The relief at last of the nightmare ending, tired of their game, which had gone as far as it could, they must have realized nothing more was possible. He knew they would not go to the police, but he didn’t care, glad only to be free of them.

Except that Ray had him by the elbow. He moved toward the car and felt the grip tighten, hold him back.

“Not you,” Ray said.

“What?”

The real fear now, shock of the first nuclear warning in the war.

“We split up,” Ray said. “You go in my car.”

“No way.”

He saw the action at his car, the man with glasses running to the driver’s door, opening it just before Laura on the passenger side realizing too late what was happening could reach over to lock it, the man holding it open, bracing it where he stood with his foot in the car, while Ray was saying, “You ain’t got no choice.”

“I’m not going to leave my family.”

“I said, mister, you ain’t got no choice.”

So now the coercion was overt. With Ray’s two partners, one with his foot in the door of Tony’s car, looking at Ray waiting for some decision or order what to do. The man thought a while. He released Tony and said, “You go with Lou.”

When Ray went over to Tony’s car, Tony tried to follow, but the man with the beard touched him. “Better not,” he said. He had something in his hand, Tony could not tell what. Tony shook him off and went after Ray. He saw the man with his foot in the door reach inside to unlock the back, which Helen sitting there tried to prevent. He saw a struggle with Helen trying to bite the hand of the man with glasses, who got the door open and got in. He ran after Ray thinking I’ll hit him in the back, I’ll knock him down and get in the car, but something heavy sliced across his shins, he plunged forward and fell with hands and knees scraping the pavement, his chin hit, and he looked up and saw Ray getting into the driver’s seat.

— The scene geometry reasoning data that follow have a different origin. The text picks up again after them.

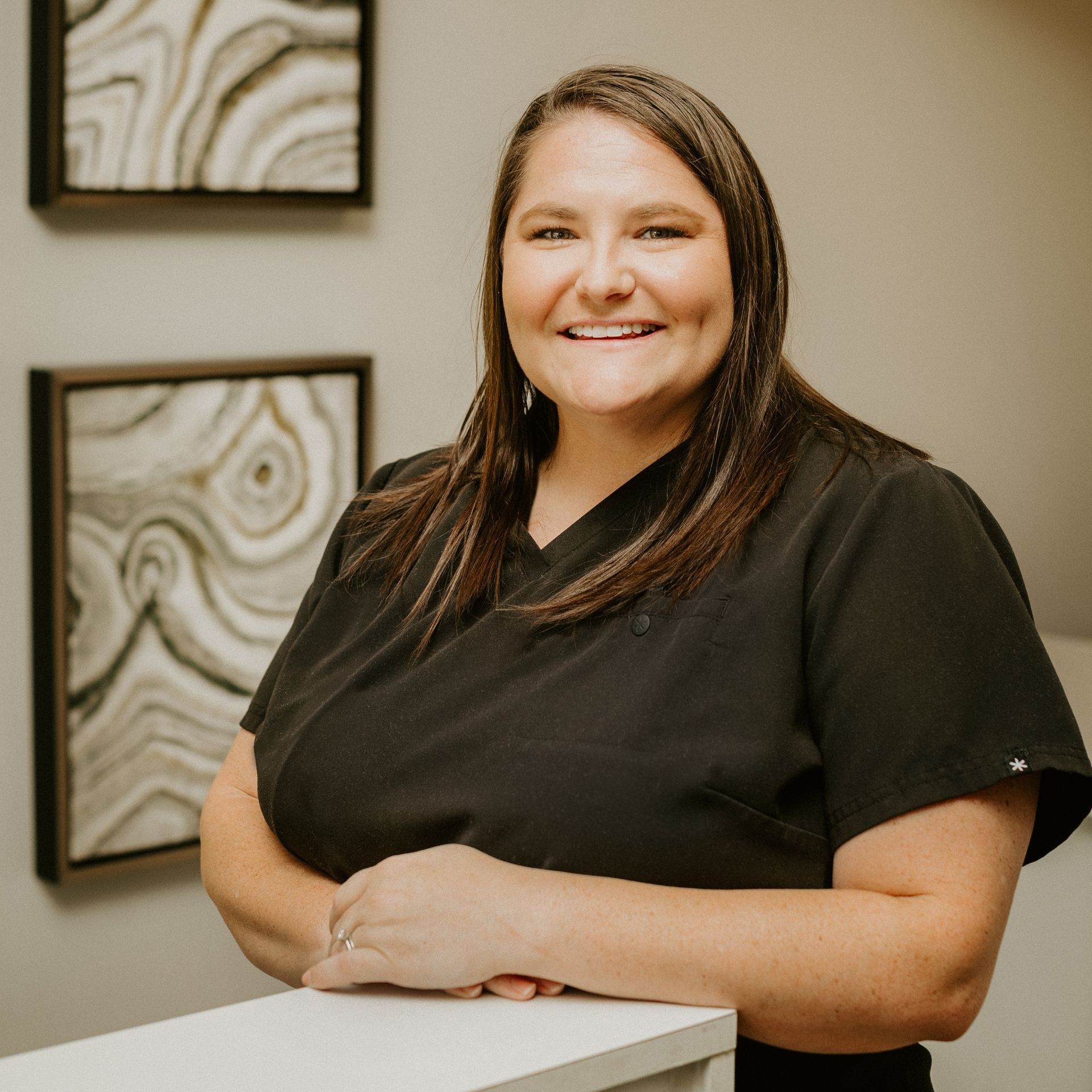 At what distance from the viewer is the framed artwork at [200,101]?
5.84 ft

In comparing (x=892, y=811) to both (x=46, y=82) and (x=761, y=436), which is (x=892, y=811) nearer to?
(x=761, y=436)

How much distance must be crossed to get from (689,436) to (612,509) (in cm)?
10

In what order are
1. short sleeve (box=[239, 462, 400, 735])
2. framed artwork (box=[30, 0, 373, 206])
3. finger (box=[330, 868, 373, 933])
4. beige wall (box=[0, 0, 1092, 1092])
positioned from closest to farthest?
finger (box=[330, 868, 373, 933])
short sleeve (box=[239, 462, 400, 735])
framed artwork (box=[30, 0, 373, 206])
beige wall (box=[0, 0, 1092, 1092])

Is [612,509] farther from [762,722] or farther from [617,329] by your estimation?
[762,722]

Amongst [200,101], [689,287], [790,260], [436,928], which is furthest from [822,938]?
[790,260]

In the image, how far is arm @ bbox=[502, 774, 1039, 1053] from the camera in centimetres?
98

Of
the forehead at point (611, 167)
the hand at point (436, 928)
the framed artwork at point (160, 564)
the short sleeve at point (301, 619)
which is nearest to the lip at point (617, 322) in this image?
the forehead at point (611, 167)

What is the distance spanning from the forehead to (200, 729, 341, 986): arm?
0.67m

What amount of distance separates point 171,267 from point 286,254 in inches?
7.3

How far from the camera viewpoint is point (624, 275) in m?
1.24

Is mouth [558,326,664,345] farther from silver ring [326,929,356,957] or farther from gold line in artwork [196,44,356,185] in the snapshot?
gold line in artwork [196,44,356,185]

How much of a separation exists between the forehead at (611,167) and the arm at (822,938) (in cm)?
59

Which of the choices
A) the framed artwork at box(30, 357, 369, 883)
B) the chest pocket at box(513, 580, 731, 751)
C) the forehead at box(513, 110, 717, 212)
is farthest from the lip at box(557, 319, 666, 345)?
the framed artwork at box(30, 357, 369, 883)

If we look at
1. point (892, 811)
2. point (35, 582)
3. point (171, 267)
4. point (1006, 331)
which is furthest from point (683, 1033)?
point (1006, 331) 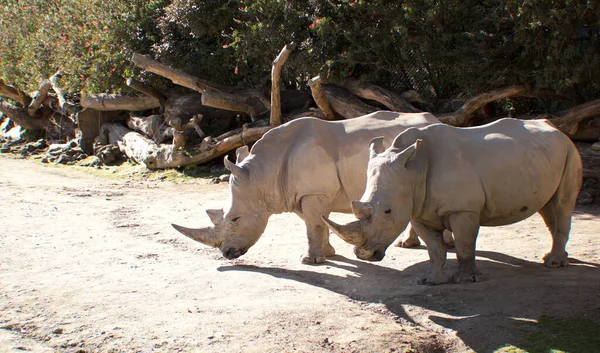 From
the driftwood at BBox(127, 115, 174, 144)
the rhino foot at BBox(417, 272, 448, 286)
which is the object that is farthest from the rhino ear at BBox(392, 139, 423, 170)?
the driftwood at BBox(127, 115, 174, 144)

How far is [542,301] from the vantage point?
598 cm

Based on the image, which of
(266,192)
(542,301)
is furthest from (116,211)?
(542,301)

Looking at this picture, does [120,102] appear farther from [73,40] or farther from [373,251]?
[373,251]

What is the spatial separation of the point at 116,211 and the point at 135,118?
30.5 ft

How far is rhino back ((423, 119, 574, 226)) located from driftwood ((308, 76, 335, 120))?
653cm

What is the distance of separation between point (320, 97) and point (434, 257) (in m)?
7.98

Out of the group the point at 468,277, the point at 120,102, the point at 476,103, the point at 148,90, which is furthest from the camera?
the point at 120,102

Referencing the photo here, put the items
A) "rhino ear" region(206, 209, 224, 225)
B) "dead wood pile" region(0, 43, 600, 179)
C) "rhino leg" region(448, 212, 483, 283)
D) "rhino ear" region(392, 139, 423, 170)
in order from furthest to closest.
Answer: "dead wood pile" region(0, 43, 600, 179), "rhino ear" region(206, 209, 224, 225), "rhino leg" region(448, 212, 483, 283), "rhino ear" region(392, 139, 423, 170)

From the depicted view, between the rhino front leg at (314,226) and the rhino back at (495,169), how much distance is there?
1.74 metres

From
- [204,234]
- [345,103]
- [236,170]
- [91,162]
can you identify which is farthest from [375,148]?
[91,162]

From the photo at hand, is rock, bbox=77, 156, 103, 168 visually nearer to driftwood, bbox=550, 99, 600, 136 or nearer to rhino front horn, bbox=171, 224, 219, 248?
rhino front horn, bbox=171, 224, 219, 248

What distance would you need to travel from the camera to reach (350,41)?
549 inches

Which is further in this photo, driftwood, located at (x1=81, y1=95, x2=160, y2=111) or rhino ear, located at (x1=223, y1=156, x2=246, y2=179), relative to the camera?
driftwood, located at (x1=81, y1=95, x2=160, y2=111)

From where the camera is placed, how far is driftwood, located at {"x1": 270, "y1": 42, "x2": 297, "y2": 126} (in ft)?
45.7
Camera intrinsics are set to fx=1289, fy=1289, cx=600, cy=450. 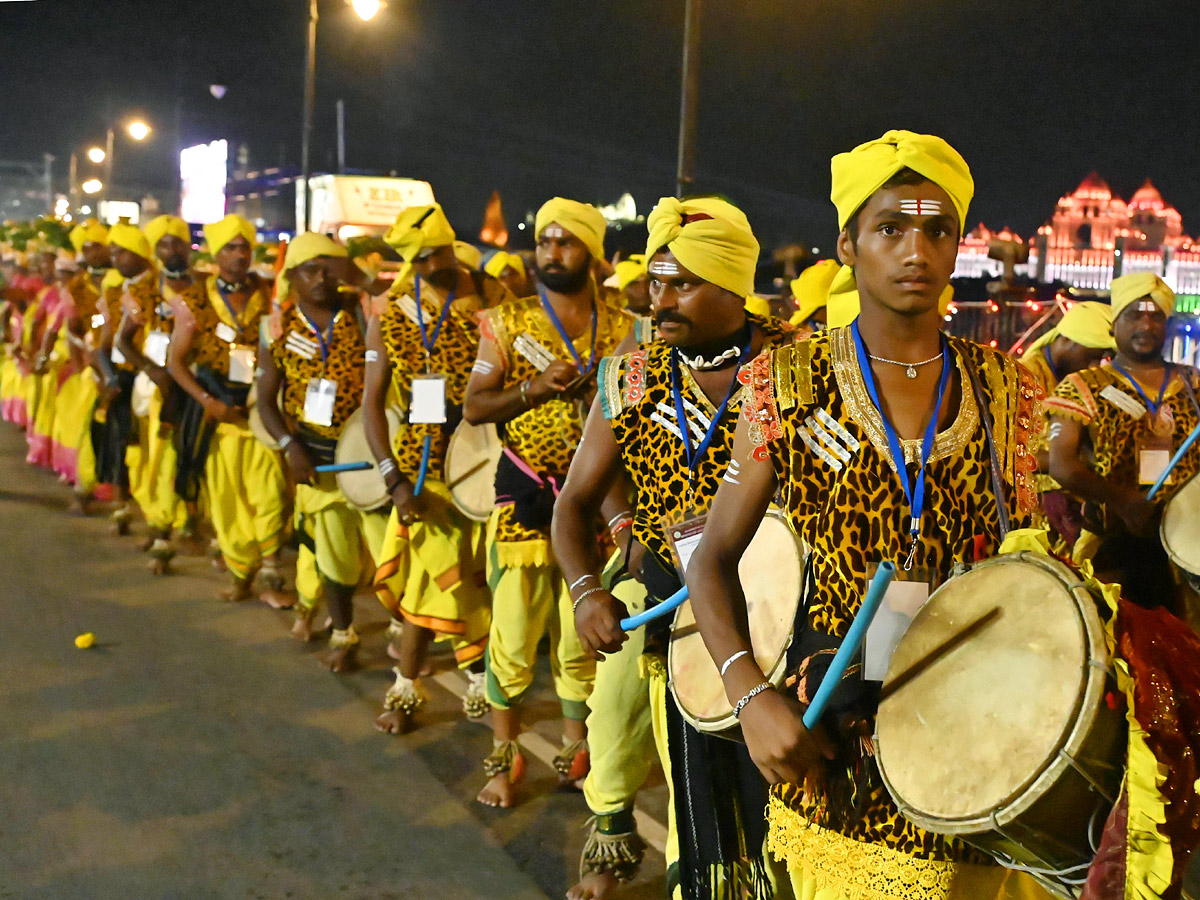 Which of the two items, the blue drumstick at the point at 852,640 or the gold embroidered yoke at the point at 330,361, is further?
the gold embroidered yoke at the point at 330,361

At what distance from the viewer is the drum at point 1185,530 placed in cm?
554

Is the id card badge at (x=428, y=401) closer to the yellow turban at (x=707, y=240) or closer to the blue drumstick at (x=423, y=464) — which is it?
the blue drumstick at (x=423, y=464)

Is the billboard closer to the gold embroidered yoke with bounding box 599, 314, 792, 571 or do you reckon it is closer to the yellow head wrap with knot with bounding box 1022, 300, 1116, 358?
the yellow head wrap with knot with bounding box 1022, 300, 1116, 358

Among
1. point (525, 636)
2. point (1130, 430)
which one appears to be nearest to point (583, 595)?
point (525, 636)

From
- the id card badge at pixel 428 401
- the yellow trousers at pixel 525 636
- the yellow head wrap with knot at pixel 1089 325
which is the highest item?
the yellow head wrap with knot at pixel 1089 325

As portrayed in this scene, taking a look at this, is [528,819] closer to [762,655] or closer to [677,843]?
[677,843]

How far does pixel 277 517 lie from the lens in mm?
8625

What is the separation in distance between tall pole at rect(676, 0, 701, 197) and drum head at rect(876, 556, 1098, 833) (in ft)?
20.6

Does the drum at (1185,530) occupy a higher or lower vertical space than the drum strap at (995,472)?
lower

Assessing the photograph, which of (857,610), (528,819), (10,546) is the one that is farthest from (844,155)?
(10,546)

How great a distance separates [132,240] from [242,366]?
2271 mm

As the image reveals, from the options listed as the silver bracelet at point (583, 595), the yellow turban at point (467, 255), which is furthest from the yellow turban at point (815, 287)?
the yellow turban at point (467, 255)

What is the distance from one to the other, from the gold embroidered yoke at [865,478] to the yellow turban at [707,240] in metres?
1.00

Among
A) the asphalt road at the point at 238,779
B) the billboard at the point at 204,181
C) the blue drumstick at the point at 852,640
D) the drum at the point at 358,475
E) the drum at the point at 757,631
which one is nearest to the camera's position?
the blue drumstick at the point at 852,640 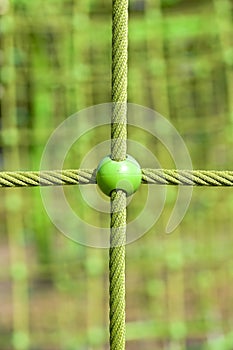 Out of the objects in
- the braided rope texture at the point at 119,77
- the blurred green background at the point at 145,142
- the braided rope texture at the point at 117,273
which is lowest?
the braided rope texture at the point at 117,273

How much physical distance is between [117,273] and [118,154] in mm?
116

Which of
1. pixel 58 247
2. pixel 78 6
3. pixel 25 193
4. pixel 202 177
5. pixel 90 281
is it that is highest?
pixel 78 6

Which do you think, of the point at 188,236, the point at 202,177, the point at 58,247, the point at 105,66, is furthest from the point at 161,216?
the point at 202,177

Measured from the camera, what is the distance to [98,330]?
64.3 inches

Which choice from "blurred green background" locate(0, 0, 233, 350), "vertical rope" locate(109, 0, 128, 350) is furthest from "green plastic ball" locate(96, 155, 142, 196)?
"blurred green background" locate(0, 0, 233, 350)

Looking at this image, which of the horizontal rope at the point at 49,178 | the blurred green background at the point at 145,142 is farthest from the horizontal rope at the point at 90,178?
the blurred green background at the point at 145,142

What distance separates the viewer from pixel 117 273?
737 millimetres

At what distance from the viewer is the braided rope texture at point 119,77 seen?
0.73 m

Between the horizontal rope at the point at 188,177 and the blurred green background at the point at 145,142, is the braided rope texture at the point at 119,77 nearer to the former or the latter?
the horizontal rope at the point at 188,177

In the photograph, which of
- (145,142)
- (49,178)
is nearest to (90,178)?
(49,178)

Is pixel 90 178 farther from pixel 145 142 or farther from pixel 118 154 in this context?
pixel 145 142

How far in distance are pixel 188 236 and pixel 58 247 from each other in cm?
35

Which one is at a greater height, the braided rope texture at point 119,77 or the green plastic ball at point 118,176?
the braided rope texture at point 119,77

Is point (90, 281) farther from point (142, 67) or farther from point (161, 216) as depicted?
point (142, 67) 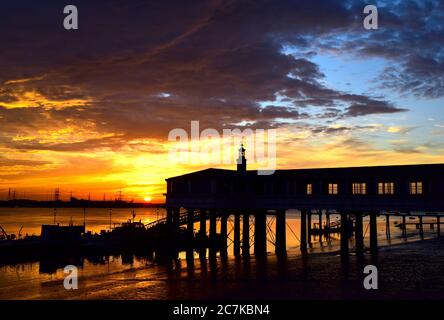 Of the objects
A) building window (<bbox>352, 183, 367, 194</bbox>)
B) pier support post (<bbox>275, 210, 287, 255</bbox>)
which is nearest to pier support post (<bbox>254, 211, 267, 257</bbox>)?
pier support post (<bbox>275, 210, 287, 255</bbox>)

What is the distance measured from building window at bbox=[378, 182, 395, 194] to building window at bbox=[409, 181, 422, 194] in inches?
66.2

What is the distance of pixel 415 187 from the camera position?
151 ft

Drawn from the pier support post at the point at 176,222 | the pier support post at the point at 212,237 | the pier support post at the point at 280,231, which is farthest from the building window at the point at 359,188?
the pier support post at the point at 176,222

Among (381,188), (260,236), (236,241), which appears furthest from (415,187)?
(236,241)

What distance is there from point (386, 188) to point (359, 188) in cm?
279

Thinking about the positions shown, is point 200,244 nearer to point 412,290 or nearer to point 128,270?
point 128,270

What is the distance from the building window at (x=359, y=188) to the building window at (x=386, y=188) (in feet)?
5.11

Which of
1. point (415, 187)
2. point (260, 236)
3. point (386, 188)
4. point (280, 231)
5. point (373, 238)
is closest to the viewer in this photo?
point (415, 187)

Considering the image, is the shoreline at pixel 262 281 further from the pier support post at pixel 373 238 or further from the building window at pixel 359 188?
the building window at pixel 359 188

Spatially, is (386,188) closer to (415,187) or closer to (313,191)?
(415,187)

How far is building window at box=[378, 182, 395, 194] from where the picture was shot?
1859 inches

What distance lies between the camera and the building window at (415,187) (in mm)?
45781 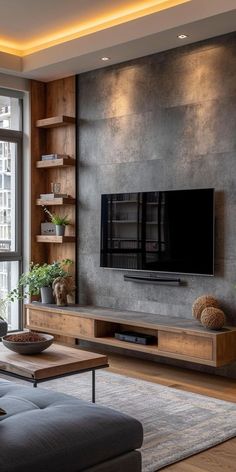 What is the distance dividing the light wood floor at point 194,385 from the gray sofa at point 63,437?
0.62m

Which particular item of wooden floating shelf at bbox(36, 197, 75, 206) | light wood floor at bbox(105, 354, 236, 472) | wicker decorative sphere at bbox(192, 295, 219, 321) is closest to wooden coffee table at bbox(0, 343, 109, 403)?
light wood floor at bbox(105, 354, 236, 472)

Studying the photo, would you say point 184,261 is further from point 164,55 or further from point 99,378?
point 164,55

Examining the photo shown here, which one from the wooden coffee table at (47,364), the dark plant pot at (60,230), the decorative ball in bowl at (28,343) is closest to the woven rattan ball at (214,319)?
the wooden coffee table at (47,364)

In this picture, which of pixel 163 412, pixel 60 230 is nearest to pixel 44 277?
pixel 60 230

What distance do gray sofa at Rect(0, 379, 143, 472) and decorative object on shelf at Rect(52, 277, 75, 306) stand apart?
3067mm

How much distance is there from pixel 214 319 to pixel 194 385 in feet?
1.74

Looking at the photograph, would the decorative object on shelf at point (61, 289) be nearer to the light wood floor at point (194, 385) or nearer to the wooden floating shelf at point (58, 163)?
the light wood floor at point (194, 385)

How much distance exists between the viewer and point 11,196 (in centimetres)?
615

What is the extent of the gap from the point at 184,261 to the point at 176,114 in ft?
4.23

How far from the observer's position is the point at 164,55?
4945 mm

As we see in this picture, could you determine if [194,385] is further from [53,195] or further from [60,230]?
[53,195]

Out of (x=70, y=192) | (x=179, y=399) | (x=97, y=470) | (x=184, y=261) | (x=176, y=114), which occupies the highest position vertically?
(x=176, y=114)

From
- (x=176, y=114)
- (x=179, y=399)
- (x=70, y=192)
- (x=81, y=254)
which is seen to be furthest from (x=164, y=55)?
(x=179, y=399)

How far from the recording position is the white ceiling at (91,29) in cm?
425
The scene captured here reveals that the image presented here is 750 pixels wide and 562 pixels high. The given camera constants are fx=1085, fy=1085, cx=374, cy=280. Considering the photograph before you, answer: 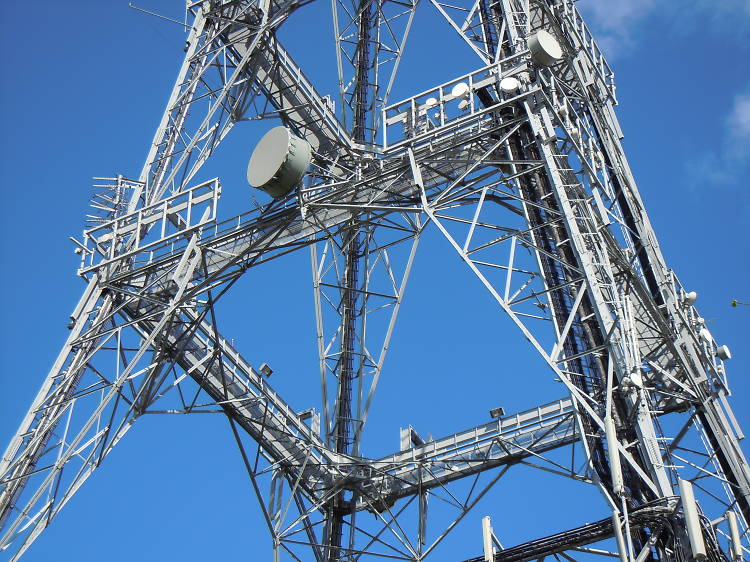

With a violent roar the car started up, then a shriek of the tires as it pulled onto the highway and sped away. He saw the horrified faces of his wife and daughter looking at him as the car rushed by, and he heard the rushed diminuendo of the car’s speed as it went down the road, the little red lights shrinking and getting closer together until they were gone.

For a few moments then there was only the silence of the woods and some distant roar of a truck almost indistinguishable from silence, while Tony looked down the invisible road where all he loved had disappeared, trying to find some way to deny what the words in his mind said had happened.

The man with the beard, whose name was Lou, was looking down at him. He held the tire iron in his hand. “Come on,” he said. “You’d better get in the car.”